From personal experience, I can reliably state that individuals who have Health Savings Accounts (HSA’s) or Medical Savings Accounts (MSA’s) are overall the best consumers of Healthcare and consistently make better healthcare decisions for themselves and their family. It is also the single best way to bring down the cost of healthcare.
But the Democrats cannot stand for individuals to take control of their own outcomes and their ideology needs to prevent this from occurring. So, as you can imagine, the current Bills being considered will limit these types of products either directly or indirectly.
According the Obama and the Democrats; they know what is best for you!
CONGRESS DECLARES WAR ON HEALTH SAVINGS ACCOUNTS
While Congress has been debating health reform, employers have been creating new consumer-driven health care plans. In fact, CDHC plans are the only type of health insurance that has been shown to reliably change patient and doctor behavior in ways that lower costs and improve the quality of care, says Ronald E. Bachman, FSA, MAAA, is President and CEO of Healthcare Visions, Inc. and a senior fellow with the National Center for Policy Analysis.
More than half of employers now offer consumer-driven options, including Health Savings Accounts (HSAs) or Health Reimbursement Arrangements (HRAs). In 2010, nearly 18 million people will be enrolled, says Bachman.
Federal legislation can stop progress in its tracks, however. For example, the health care bill passed by the Senate (December 23, 2009) does not directly outlaw HSA-eligible plans, but it restricts HSA options in insidious ways that will delay, deny, defeat and ultimately kill them, says Bachman:
HSA health plans are insurance plans that allow an individual and/or his employer to deposit funds into a special savings account.
The funds are not subject to the income tax if withdrawals are used to pay out-of-pocket medical expenses.
Right now, HSA plans are the only form of health insurance under which an individual's out-of-pocket exposure is limited by law.
Currently, the limits are $5,950 for individuals and $11,900 for families.
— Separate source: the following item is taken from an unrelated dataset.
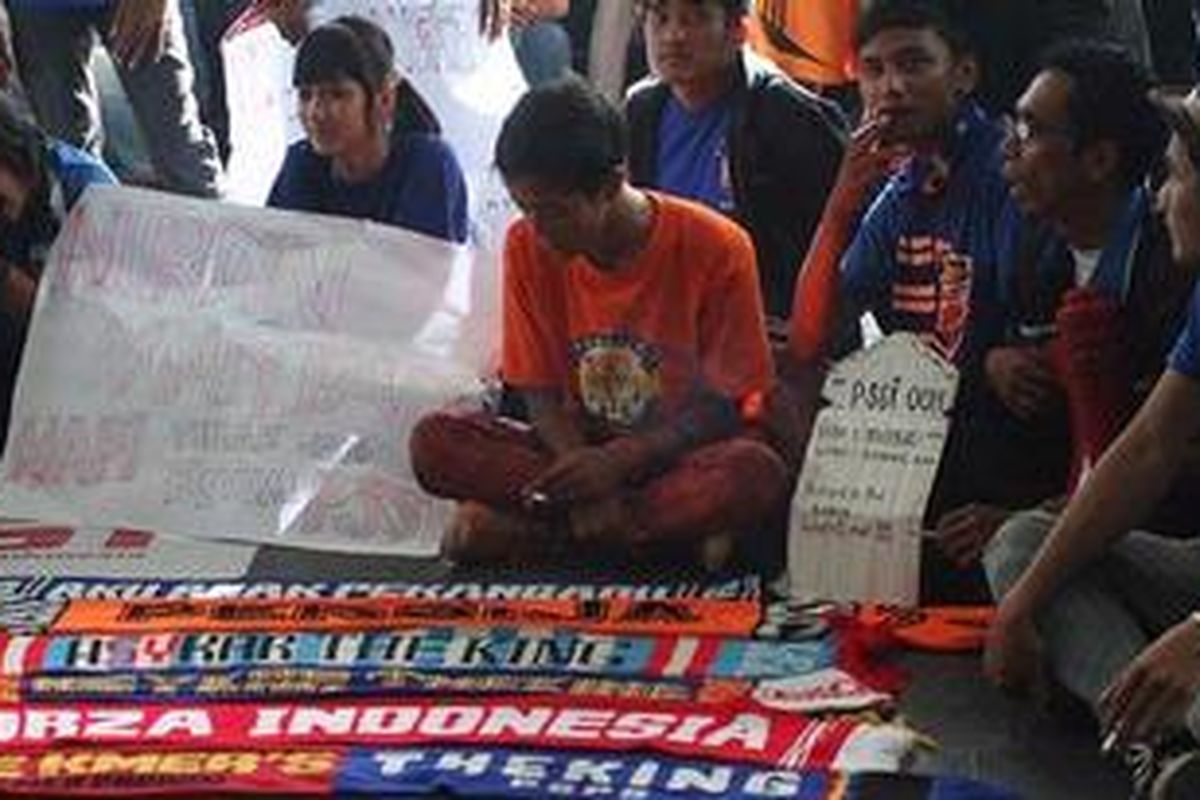 Demonstrasi PSSI di Pekanbaru, Jumat (25/3/2011).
A plan could have lower deductibles and require patient copays up the total limit, or it could have deductibles as high as $5,950/$11,900 so long as the plan pays all costs above those amounts.
The Senate bill limits the deductible for small group plans to $2,000 for singles and $4,000 for families -- roughly one-third the level allowed under current HSA law -- with copays above the deductible.
Many people would choose a $5,950 deductible over a $2,000 deductible and place the premium savings in an HSA, but this is a choice the Senate bill would deny them.